By Staff | Oct 26, 2018

Doug Stanek and his son Anton Stanek cross a bean field Monday as they work to make the best of the sunny weather over the weekend and early this week.

By JOE SUTTER

“mailto:jsutter@messengernews.net”>jsutter@messengernews.net

To put it mildly, the weather has not been so cooperative for the farmers of northwest Iowa this year.

“It’s been unbelievable,” said Doug Stanek .

A few days of sun, and farmers all over the region are scrambling like mad to bring the corn and beans in before more rain can fall.

Doug Stanek stops to oversee the work on his combine, after loading his bean head onto a trailer for transport to the next field.

“We should have been done by now, and we’re just getting started,” said Stanek as his combine steered itself into the next row of beans in his field north of Gowrie.

Farmers all over have been hitting beans hard after getting started in the corn fields, since it’s finally dry enough to harvest beans, said Kevin Fitzpatrick, regional sales manager for Landus Co-op’s northwest region.

“I would say we’re about 35-40 percent done with beans. We’re probably at 15 percent of corn,” Fitzpatrick said. “It seems low, but we were picking up corn last week, and as it dried out everyone switched to soybeans. You can run on corn stalks a lot sooner than bean stubble.”

Stanek did the same-switching from corn to beans as soon as possible.

“I’ve got two more days of beans, and then I’ll have my beans out,” said Dave Mickelson. ” I have some corn done, but I’m probably only 1/4 done with the corn.”

Mickelson was just happy to be combining again.

“We’re finally getting some drier days, that we’re able to get out into the fields a little better without getting stuck,” Mickelson said.

In fact, he’s already been stuck once this year.

“I have once, and got out, but there have been a lot of near times,” Mickelson said.

Mickelson said he’s pretty happy with the yields he’s been seeing, but of course it varies from farm to farm.

“It all depends on how well the farm is drained, and if you’ve had very many low areas that got drowned out. Overall it’s better than expected for yields,” he said.

Still, it’s an unprecedented year as far as Stanek is concerned.

“This is my 43rd crop I’ve taken out. I’ve never seen anything like this,” Stanek said. “When I was in high school we had a wet fall, but nothing like this.
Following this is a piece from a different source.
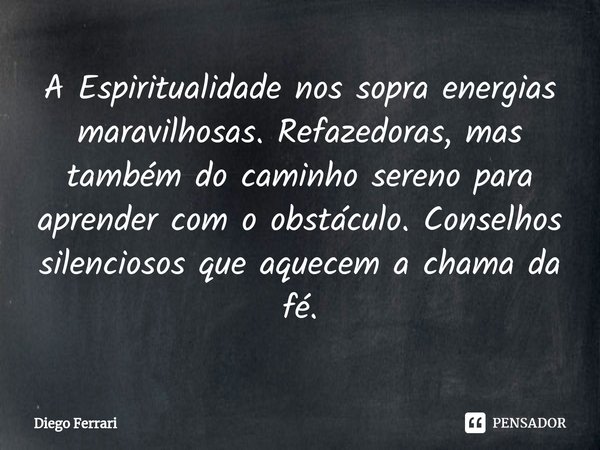 ⁠A Espiritualidade nos sopra energias maravilhosas. Refazedoras, mas também do caminho sereno para aprender com o obstáculo. Conselhos silenciosos que aquecem a... Frase de Diego Ferrari.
A month ago we opened this field up-and we came back last night. It sat for a month. The beans have been ready for a month. It’s crazy.”
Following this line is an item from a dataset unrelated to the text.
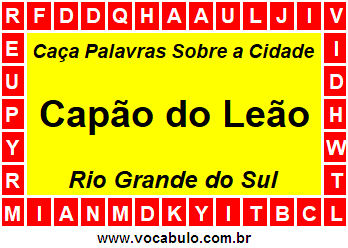 Caça Palavras Sobre a Cidade Gaúcha Capão do Leão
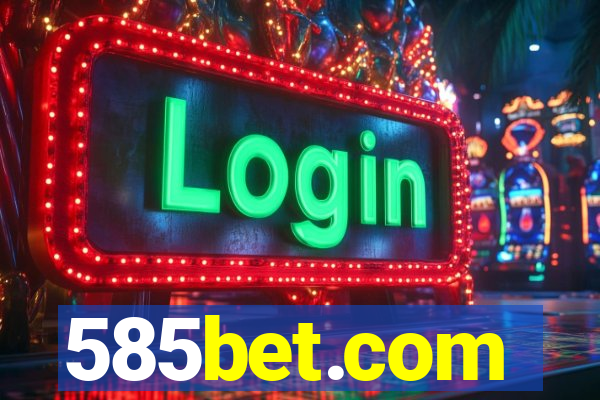 585bet.com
Stanek said some of his neighbors have broken the tires of combines, as mud gets squeezed between them.

“The mud is hard on equipment,” he said.

And preparing for the year has been expensive.
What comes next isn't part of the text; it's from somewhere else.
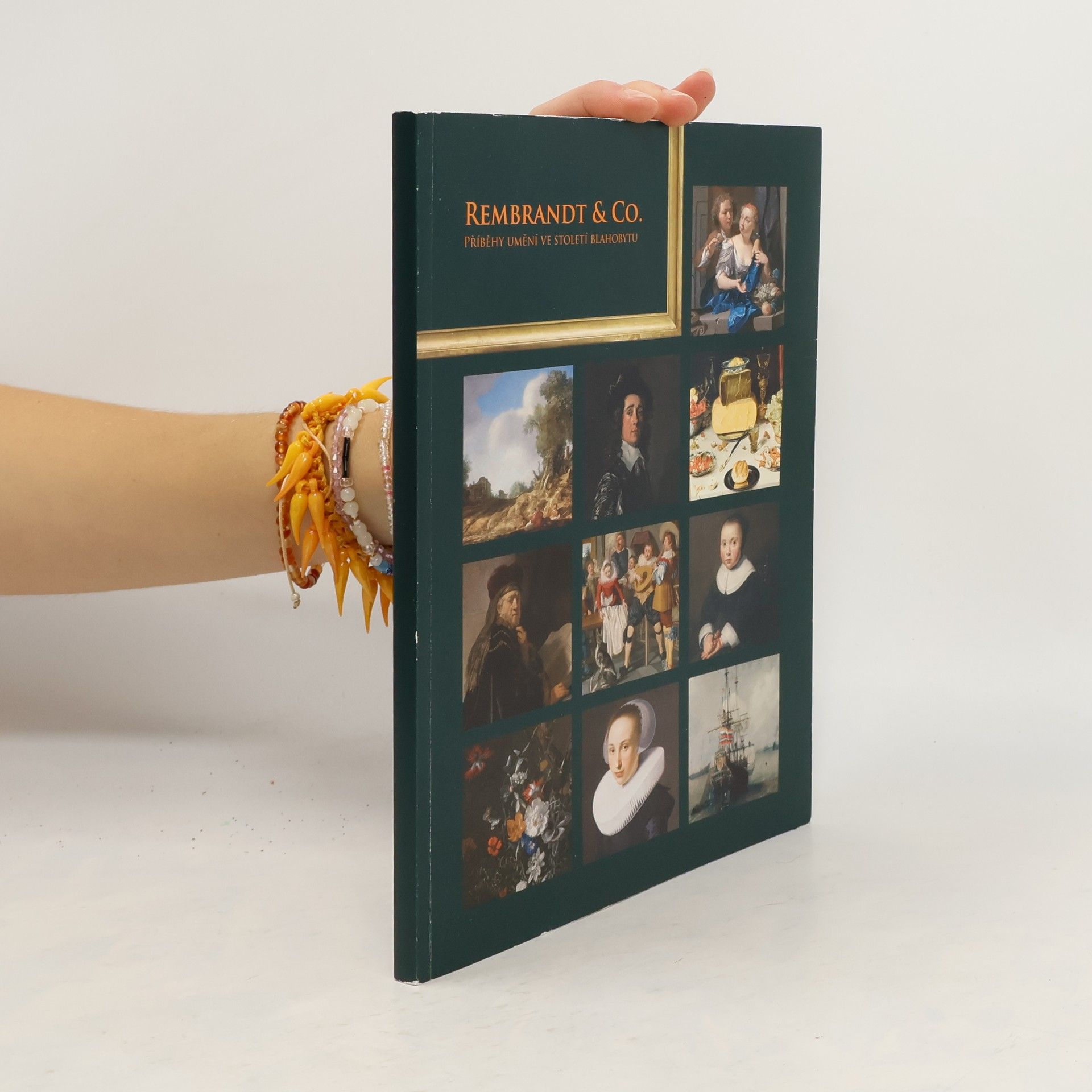 Rembrandt & Co. Příběhy umění ve století blahobytu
“I had to put rear wheel assist on the combine. There’s $40,000. Widen the duals – I spent a ton of money on it,” Stanek said. “That tractor next to us, that’s new, we had to get something with more horsepower. Nothing $350,000 won’t take care of.

“And if I don’t take it out I’ve got nothing. If it ain’t in the bin it’s worth nothing.”

He also snapped an auger, and had to get a loaner bean head just to get the job done.

“It’s been a rough week,” Stanek said. “What day is this? It feels like a week.”

As Stanek and his son crossed the field, large birds soared overhead-hunting rabbits that the combines scared out, Stanek said.

“There’s a bald eagle and a chicken hawk out there,” Stanek said. “It’s either that or a turkey buzzard waiting for me to croak.”

The farm has been in Stanek’s family for 115 years, he said. He has seven grandchildren now, with the eighth due in April.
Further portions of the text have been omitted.